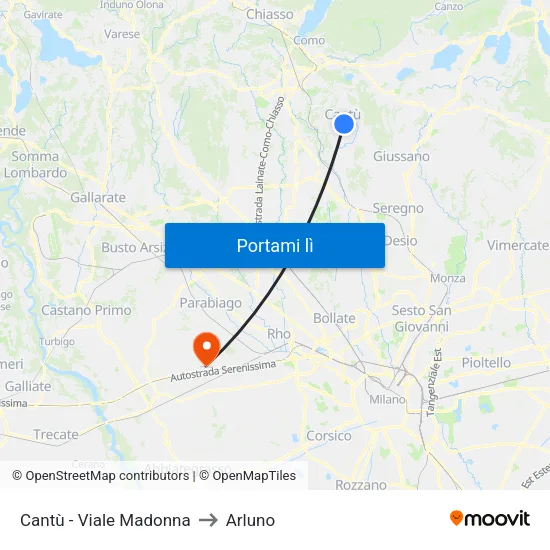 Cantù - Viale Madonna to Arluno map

* * *

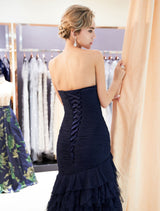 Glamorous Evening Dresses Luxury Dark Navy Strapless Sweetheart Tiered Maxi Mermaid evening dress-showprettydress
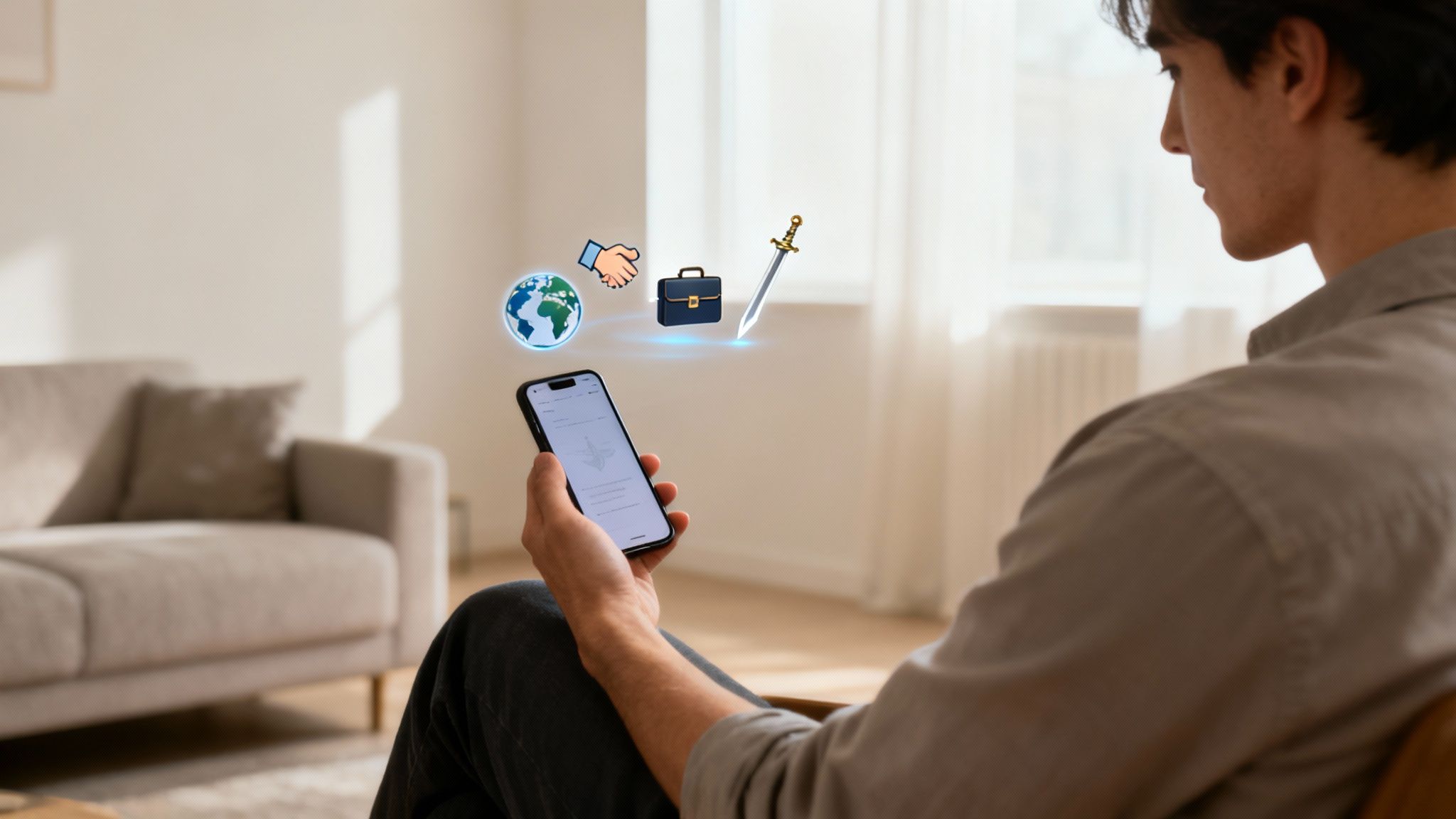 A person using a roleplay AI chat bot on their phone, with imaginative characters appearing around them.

- [Task instructions]
Using the data above, output the line that has "Glamorous Evening Dresses", the line that has "A person using", and whatever lines fall between, each exactly as it stands and without pictures.

- [Result of the task]
 Glamorous Evening Dresses Luxury Dark Navy Strapless Sweetheart Tiered Maxi Mermaid evening dress-showprettydress
 A person using a roleplay AI chat bot on their phone, with imaginative characters appearing around them.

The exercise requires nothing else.